Of course, the objection will be that many such cases involve multiple witnesses who all share essentially the same experience. So if the whole thing is just a magnetic barn dance in the brain, how does more than one individual see it?

The answer to that may have something to do with the relationships between the people involved, and with the fact that the same magnetic disturbance will presumably affect them all: they will all be immersed in the same field at the time of the experience. In several of the more complex multi-subject contact/abduction dramas (the Hills, Tujunga Canyon, etc.) it appears that one individual is dominant or seems to be the catalyst for the events experienced. Such individuals are also often in various stages of inner crisis, to which the events can be seen to relate (see John Rimmer’s The Evidence For Alien Abductions).

In this regard, it may be fruitful for investigators to ask: a) is hypnotism easier within a magnetic field, and b) are telepathy, telekinesis, etc. easier within a magnetic field? One can think of reasons why this may be so: fluctuations at one point in a field will resonate throughout the field, and mental activity is basically electrical fluctuation, measurable by EEG.

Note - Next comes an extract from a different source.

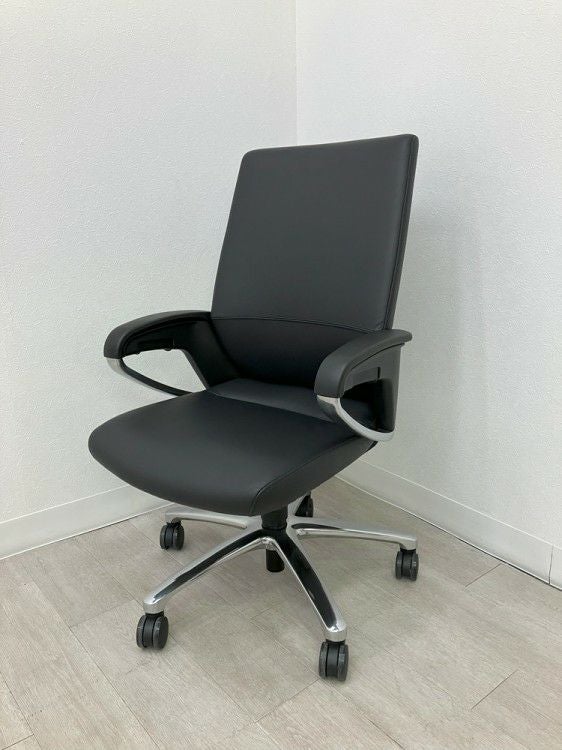 コクヨマネージメントチェア フィロソフィーシリーズ 固定肘付フィロソフィーチェア 商品画像1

There may be a purely biological function to all this. At the basic level, simply a warning of impending disaster registered by our unconscious magnetic sense and passed to the waking mind via some scary image. At a higher level, a dramatisation of personal, cultural or racial problems in which the individual is just a medium. The ways of the brain are strange and complicated, and there won’t be a straightforward answer, I’m sure. But maybe we’d do well to look again a~ the unfashionable ideas of Julian Jaynes in this context. Maybe the old bicameral mind wasn’t so daft after all!

None of this pretends to be any sort of theory. I’m just putting my two-pennyworth in, and it all stands up to be knocked down. My main point is that the extent and nature of our susceptibility to geomagnetic influences is greatly underestimated, despite ample evidence, and that proper research in this area will in the future open all sorts of doors on our understanding of ourselves and our world.

One thing I’m sure we’ll all agree on – we are more than we think we are!